TASK DATA —

* * * * * * *

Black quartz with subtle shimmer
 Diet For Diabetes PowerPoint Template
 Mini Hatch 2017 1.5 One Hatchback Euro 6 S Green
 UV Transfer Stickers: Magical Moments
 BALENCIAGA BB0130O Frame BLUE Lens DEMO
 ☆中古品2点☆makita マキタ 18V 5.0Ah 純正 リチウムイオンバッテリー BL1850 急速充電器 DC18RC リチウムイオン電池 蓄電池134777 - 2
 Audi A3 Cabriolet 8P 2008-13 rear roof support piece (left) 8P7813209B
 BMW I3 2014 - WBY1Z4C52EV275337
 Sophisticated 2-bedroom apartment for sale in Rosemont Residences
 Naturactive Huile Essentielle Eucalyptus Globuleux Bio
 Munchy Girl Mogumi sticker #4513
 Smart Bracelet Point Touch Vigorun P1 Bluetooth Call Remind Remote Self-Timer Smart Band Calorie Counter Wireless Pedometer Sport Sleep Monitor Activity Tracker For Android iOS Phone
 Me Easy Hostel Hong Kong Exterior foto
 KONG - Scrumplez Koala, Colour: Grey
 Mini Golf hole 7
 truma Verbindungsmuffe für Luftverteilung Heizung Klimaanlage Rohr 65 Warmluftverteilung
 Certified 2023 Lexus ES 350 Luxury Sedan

* * * * * * *

WHAT THE EXERCISE ASKS — Could you return all lines from the records that include the word "Mini"?

RESPONSE —
 Mini Hatch 2017 1.5 One Hatchback Euro 6 S Green
 Mini Golf hole 7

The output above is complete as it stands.